Seeds Will Hit Shallow Soil

“A farmer went out to sow his seed. 4 As he was scattering the seed, some fell along the path, and the birds came and ate it up. 5 Some fell on rocky places where they did not have much soil. It sprang up quickly because the soil was shallow. 6 But the plants were scorched and withered when the sun came up because they had no roots. 7 Other seeds fell among thorns, which grew up and choked the plants. 8 Still other seed fell on good soil, where it produced a crop — a hundred, sixty, or thirty times what was sown. 9 Whoever has ears, let them hear.” — Matthew 13:3–9

Last week, the bird came and ate up the new ideas. But what happens next? The seeds will hit shallow soil.

Early in the last century and until the late 1900s, if you lived away from your family and had an intellectual disability, you lived in an institution. Not everything that occurred in an institution was bad. Some folks did vital work and loved it. Unfortunately, the reality was that the work was not valued the way most of us expected: pay, benefits, an opportunity to make a life, and make life changes with what we earned.

Then, along came the deinstitutionalization movement. It was heavily motivated by inadequate care and an ineffective social environment rather than the pay to the workers. Nonetheless, we proceeded into a brief growing period. Here is where the new ideas took hold. Looking back, it was only a short period of time, but there was energy in getting people jobs and helping them find places to live. Then, the energy stopped.

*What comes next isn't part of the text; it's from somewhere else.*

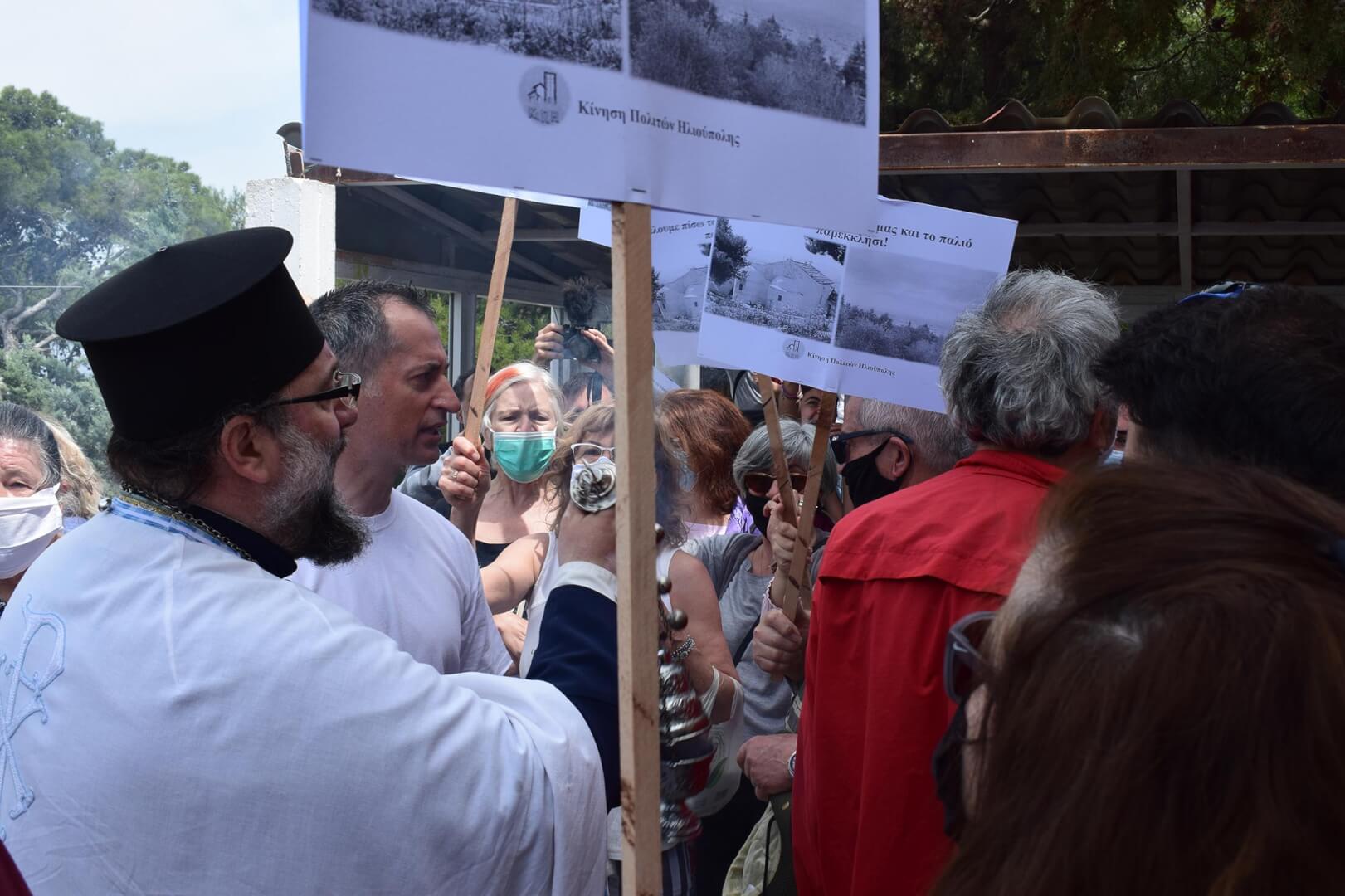 Ηλιούπολη: Επεισόδια μεταξύ διαδηλωτών και πιστών [Βίντεο]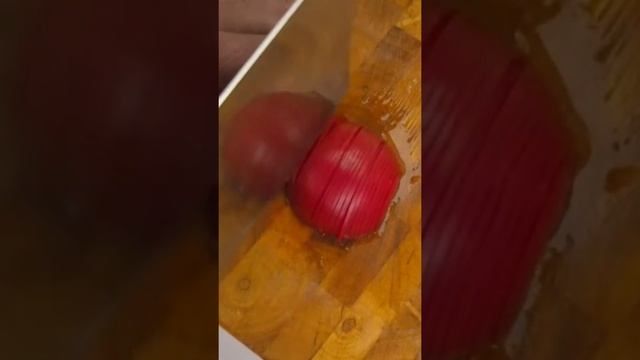 Как тонко порезать помидор #shorts смотреть онлайн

And here is where the seeds come in. We rapidly got community jobs for people. We helped them find apartments and coached them to quickly learn how to shop, cook, pay bills, and manage time. Then, we failed to keep going. We needed to provide a place for the ideas to grow. The soil was shallow, the energy was not sustained, and the seed died.

Interestingly, many people defend sheltered employment with ideas like… “My son wants to be with his friends,” “This is a safe place for my daughter,” or “This is a wonderful way to support people with others like them.” If you dig into that language, you will find bias and discrimination. Sure, the world is not uniformly welcoming to difference. It is also true that we learn by connecting and seeing what is similar and different.

Consider this story from my early work years, which could be true today. I met a participant in a sheltered workshop and was asked to connect with him to identify what was most important to him in his life. But a challenge was that he wanted to avoid discussing work at all. But he did tell me that his main goal was to learn how to ride the bus to visit his mom when he wanted. And no one had imagined that ability and service for him. How had we started believing that setting production goals for everyone was the best possible service?

Today, we know that many individuals want to work, yet their plans still need to include a track to a job. We also have social policies that support getting you the first job but do not offer support for advancement, a very present challenge for people with disabilities.

Anyone who has grown something knows you can enrich the soil, add more, and develop it, but if you fail, the plant you’re trying to grow will die. So, in our industry, we need to consider all the ways that we have thrown ideas on shallow ground and what we can do to build that ground up!